======== RECORD EXCERPTS
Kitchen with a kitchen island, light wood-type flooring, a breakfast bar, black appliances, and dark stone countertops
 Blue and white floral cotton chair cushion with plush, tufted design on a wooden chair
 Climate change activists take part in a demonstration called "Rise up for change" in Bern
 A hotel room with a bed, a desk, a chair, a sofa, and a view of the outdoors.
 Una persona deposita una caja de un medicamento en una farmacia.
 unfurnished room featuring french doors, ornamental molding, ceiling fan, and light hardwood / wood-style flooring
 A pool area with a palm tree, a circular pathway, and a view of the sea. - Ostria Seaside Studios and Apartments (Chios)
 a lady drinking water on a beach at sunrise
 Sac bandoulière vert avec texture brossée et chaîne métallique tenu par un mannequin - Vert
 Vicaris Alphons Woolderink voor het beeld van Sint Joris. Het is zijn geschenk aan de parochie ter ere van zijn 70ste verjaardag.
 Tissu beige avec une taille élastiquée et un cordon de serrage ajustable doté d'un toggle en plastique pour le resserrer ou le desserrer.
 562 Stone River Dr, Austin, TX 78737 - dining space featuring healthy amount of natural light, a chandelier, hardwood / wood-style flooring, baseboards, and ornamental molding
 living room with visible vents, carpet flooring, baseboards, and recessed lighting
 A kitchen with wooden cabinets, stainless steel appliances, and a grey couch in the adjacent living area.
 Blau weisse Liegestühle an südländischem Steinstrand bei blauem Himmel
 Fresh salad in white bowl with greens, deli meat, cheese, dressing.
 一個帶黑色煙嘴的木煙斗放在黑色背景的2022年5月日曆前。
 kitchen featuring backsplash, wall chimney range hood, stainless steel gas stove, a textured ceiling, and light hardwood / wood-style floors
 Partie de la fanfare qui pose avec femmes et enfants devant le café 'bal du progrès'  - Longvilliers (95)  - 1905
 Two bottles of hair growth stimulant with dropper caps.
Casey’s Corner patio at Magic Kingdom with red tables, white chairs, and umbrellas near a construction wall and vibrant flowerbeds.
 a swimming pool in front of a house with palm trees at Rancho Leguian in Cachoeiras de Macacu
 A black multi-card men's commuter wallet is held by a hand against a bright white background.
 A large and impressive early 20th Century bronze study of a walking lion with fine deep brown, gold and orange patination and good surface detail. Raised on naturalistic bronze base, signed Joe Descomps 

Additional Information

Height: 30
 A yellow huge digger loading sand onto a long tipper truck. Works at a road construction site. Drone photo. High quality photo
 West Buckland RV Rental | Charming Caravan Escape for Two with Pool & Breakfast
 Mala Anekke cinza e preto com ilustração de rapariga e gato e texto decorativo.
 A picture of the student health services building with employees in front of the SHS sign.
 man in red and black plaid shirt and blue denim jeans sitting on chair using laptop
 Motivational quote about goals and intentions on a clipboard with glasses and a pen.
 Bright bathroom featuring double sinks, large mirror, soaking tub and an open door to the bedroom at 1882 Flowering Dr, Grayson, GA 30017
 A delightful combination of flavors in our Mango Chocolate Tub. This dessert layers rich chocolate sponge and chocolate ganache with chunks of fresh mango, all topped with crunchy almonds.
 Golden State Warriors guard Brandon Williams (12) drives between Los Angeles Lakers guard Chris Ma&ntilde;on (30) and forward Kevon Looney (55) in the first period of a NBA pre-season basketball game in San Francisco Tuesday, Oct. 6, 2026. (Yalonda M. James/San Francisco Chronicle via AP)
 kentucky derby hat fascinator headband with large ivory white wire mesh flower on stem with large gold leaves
================
[PROBLEM] Reproduce the final stretch of the data above: every line from the one holding "Motivational quote about" through the end, inclusive, exactly as written and nothing else.

[EXERCISE RESULT]
 Motivational quote about goals and intentions on a clipboard with glasses and a pen.
 Bright bathroom featuring double sinks, large mirror, soaking tub and an open door to the bedroom at 1882 Flowering Dr, Grayson, GA 30017
 A delightful combination of flavors in our Mango Chocolate Tub. This dessert layers rich chocolate sponge and chocolate ganache with chunks of fresh mango, all topped with crunchy almonds.
 Golden State Warriors guard Brandon Williams (12) drives between Los Angeles Lakers guard Chris Ma&ntilde;on (30) and forward Kevon Looney (55) in the first period of a NBA pre-season basketball game in San Francisco Tuesday, Oct. 6, 2026. (Yalonda M. James/San Francisco Chronicle via AP)
 kentucky derby hat fascinator headband with large ivory white wire mesh flower on stem with large gold leaves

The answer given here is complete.